# Another topic about dogs eating grass...



## xxshaelxx (Mar 8, 2010)

So, the dogs got fish again last night, and Amaya ate it all for the third time in a row (YAY!), well, when I let her out of the crate and into the backyard, the first thing she did was run to a little patch of grass, stuck her legs out, then stuck her nose in between, and started to rub, like her teeth were bothering her. Then she started to nibble on the grass, kind of like grasping it and pulling back, like it was floss.

So I was wondering, could it be possible that dogs eat grass after they've eaten raw to get out small pieces of bone fragments of whatever that could be lodged in there?


----------



## RawFedDogs (Jun 16, 2008)

xxshaelxx said:


> So I was wondering, could it be possible that dogs eat grass after they've eaten raw to get out small pieces of bone fragments of whatever that could be lodged in there?


No I don't think so. Most dog's teeth are designed so that things don't get stuck there. However I guess its possible for a tiny fishbone to get stuck somewhere in her mouth.


----------



## malluver1005 (Nov 15, 2009)

Sometimes, Aspen will get up from his bed and go out to the lawn and start grazing like a cow! 

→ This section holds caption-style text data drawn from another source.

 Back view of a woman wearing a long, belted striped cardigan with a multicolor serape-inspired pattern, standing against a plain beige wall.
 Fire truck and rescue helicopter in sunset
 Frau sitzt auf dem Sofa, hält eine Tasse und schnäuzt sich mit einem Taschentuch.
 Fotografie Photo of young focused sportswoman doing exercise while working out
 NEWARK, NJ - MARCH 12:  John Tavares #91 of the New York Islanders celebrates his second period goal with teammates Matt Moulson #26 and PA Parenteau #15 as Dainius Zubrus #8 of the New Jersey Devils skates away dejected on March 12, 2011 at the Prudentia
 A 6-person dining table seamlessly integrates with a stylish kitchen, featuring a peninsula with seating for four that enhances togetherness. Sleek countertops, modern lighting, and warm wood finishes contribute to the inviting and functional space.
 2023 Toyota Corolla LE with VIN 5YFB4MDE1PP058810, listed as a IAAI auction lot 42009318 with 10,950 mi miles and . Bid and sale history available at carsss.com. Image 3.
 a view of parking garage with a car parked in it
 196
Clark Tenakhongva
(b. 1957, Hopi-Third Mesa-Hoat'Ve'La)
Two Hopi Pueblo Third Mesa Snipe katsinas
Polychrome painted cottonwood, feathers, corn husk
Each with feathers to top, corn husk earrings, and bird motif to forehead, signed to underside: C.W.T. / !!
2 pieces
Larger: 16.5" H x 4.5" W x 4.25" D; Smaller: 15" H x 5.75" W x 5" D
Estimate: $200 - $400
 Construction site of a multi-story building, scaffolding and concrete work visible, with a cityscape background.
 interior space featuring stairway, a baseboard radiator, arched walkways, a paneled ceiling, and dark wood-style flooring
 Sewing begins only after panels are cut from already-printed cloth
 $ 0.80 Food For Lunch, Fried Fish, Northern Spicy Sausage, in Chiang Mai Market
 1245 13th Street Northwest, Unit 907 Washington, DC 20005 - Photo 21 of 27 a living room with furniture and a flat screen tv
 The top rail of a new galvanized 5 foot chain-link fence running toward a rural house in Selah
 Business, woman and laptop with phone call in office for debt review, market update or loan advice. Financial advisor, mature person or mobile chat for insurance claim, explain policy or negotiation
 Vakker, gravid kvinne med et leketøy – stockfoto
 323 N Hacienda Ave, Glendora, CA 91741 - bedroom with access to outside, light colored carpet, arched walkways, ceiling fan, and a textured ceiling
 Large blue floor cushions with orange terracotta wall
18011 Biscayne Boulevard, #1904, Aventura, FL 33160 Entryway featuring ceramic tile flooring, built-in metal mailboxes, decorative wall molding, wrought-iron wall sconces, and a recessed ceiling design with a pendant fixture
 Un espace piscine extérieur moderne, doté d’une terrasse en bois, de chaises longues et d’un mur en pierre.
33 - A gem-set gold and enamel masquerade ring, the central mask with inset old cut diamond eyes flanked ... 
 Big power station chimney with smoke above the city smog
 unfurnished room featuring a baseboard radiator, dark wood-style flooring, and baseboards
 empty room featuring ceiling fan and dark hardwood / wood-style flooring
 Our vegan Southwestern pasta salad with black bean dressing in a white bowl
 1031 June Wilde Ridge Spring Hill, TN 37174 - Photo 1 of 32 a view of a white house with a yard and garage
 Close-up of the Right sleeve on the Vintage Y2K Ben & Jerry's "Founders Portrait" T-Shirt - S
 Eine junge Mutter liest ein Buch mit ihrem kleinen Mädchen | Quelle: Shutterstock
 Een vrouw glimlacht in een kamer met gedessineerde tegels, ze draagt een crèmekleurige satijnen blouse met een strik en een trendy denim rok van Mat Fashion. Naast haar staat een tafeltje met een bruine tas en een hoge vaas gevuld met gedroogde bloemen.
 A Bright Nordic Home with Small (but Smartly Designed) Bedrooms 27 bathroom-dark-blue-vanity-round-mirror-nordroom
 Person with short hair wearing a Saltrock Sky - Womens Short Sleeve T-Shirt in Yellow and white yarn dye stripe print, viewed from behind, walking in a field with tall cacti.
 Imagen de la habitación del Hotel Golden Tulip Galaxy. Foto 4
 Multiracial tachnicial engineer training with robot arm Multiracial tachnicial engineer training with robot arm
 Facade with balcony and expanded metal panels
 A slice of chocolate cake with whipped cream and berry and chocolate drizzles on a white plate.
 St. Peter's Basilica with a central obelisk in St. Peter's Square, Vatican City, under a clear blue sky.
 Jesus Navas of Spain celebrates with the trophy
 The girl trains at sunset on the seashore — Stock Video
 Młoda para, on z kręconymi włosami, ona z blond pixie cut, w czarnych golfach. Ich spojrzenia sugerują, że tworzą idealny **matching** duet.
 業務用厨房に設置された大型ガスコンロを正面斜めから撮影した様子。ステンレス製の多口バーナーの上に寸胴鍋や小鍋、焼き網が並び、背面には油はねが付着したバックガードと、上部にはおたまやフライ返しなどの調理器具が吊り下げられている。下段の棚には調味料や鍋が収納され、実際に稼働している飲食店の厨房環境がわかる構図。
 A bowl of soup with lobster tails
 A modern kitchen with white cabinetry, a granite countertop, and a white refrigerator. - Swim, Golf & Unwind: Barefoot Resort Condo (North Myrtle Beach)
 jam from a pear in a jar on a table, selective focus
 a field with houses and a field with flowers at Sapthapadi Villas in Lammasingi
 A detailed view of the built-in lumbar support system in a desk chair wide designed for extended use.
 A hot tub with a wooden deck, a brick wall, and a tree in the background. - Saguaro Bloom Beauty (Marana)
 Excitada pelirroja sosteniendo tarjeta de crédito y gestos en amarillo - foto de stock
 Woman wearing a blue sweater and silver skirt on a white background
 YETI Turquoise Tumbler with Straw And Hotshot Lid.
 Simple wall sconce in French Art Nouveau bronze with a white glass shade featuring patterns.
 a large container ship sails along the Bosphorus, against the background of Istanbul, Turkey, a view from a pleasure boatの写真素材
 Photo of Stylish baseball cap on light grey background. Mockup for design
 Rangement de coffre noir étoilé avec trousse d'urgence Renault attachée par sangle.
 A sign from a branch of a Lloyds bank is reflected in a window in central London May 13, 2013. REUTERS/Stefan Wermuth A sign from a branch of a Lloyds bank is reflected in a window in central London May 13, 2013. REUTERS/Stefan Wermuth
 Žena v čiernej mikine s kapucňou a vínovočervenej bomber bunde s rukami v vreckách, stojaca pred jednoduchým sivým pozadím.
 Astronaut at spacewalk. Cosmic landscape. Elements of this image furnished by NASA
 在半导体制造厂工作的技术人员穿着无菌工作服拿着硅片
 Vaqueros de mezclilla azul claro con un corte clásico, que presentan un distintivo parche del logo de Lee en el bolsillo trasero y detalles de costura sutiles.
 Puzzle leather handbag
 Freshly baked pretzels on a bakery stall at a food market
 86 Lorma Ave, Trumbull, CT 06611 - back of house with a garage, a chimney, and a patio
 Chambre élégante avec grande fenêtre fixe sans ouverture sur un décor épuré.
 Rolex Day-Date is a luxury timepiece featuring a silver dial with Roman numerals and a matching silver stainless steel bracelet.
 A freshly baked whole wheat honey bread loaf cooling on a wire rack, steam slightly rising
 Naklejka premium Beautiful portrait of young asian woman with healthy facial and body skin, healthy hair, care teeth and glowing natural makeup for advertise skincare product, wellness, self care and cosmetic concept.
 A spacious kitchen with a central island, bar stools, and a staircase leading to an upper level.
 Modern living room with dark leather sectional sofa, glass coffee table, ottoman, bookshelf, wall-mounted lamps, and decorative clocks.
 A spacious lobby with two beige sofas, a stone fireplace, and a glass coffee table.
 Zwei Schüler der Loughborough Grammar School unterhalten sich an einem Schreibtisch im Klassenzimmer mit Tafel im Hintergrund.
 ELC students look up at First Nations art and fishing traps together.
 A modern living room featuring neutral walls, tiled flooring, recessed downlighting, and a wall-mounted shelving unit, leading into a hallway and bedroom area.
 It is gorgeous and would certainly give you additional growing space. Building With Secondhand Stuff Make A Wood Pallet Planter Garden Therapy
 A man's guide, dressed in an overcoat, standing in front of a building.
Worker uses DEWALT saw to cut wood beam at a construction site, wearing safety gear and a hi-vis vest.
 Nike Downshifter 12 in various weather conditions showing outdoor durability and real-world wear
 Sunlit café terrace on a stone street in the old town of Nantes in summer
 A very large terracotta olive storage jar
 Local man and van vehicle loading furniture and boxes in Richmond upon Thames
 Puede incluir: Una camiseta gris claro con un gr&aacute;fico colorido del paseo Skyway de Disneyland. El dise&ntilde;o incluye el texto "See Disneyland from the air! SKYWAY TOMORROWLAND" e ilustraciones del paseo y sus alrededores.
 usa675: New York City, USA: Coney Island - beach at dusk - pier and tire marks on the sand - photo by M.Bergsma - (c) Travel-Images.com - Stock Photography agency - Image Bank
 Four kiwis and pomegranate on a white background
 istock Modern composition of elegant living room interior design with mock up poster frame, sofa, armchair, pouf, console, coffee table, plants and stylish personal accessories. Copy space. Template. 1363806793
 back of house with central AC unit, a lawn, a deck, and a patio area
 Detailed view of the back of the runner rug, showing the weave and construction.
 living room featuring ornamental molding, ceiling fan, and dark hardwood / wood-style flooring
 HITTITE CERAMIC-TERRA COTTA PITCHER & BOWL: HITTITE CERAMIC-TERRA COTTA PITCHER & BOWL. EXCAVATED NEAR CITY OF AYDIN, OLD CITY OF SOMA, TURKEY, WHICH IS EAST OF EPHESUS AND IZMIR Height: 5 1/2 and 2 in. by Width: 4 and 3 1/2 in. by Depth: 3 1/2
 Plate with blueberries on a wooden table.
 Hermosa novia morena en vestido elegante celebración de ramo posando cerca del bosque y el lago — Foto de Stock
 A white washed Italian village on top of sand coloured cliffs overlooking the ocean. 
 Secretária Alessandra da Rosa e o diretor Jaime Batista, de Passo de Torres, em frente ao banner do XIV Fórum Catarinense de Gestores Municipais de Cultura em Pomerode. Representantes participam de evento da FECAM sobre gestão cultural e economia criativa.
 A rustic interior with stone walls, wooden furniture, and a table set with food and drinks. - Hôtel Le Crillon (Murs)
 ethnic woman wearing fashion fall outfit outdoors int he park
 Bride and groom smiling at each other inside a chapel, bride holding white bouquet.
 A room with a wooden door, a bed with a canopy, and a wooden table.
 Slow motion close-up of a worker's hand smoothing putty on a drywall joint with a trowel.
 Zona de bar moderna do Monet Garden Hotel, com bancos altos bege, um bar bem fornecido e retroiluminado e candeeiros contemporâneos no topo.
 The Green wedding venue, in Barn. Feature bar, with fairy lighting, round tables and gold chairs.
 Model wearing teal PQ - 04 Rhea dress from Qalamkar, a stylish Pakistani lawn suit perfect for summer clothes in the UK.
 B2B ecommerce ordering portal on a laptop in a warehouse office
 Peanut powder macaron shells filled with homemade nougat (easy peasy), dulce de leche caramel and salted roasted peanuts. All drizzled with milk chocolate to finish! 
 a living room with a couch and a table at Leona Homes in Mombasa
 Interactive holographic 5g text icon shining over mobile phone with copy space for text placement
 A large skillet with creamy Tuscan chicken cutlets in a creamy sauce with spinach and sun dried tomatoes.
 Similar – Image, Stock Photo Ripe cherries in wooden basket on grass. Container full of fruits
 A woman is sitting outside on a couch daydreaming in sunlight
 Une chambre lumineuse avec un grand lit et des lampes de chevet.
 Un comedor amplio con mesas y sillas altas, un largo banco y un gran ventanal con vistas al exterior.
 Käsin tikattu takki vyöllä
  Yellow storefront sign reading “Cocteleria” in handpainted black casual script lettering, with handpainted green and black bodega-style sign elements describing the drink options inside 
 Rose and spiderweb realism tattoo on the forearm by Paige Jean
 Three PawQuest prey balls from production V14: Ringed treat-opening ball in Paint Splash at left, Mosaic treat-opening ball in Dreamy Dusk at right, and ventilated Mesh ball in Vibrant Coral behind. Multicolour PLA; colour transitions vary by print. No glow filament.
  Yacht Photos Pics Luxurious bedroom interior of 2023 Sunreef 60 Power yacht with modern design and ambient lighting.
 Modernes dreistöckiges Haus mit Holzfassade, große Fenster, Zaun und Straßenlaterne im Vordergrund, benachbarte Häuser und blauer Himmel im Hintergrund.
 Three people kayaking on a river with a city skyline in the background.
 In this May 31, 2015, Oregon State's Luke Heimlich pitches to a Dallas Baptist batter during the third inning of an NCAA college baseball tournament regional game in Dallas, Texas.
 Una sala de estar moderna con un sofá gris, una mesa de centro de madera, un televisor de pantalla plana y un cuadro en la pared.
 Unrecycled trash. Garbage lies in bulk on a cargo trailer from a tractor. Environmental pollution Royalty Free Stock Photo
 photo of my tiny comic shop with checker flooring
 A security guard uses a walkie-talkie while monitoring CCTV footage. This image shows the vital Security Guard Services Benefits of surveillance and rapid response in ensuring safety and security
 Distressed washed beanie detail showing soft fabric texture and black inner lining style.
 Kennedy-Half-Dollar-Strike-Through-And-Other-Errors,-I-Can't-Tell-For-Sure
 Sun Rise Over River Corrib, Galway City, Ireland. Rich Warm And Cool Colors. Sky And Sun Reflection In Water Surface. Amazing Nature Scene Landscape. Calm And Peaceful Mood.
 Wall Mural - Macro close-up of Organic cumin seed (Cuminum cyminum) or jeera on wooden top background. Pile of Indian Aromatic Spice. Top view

I don't think he's ever gotten something stuck in between his teeth...


----------



## xxshaelxx (Mar 8, 2010)

lol. Okay, just wondering. I've noticed that sometimes my dogs will paw at their mouths after a meal. Figured I'd throw it out there as a thought. XP


----------



## RawFedDogs (Jun 16, 2008)

To me, that would indicate that there is something irratating her mouth, either inside or out. Does she do it only after eating fish or does it matter what she just ate? Perhaps she is just trying to rub the fish taste off? :smile:


----------



## harrkim120 (Feb 2, 2010)

My Boston always rubs his face after eating as well, but it looks more like he's trying to wipe the gunk off his face from the food. lol He's so dainty you know.


----------



## DaneMama (Jun 27, 2008)

Bailey and Emmy both "clean" their faces after eating by rubbing their faces into whatever is soft and close by. Usually a couch, dog bed or patch of grass.


----------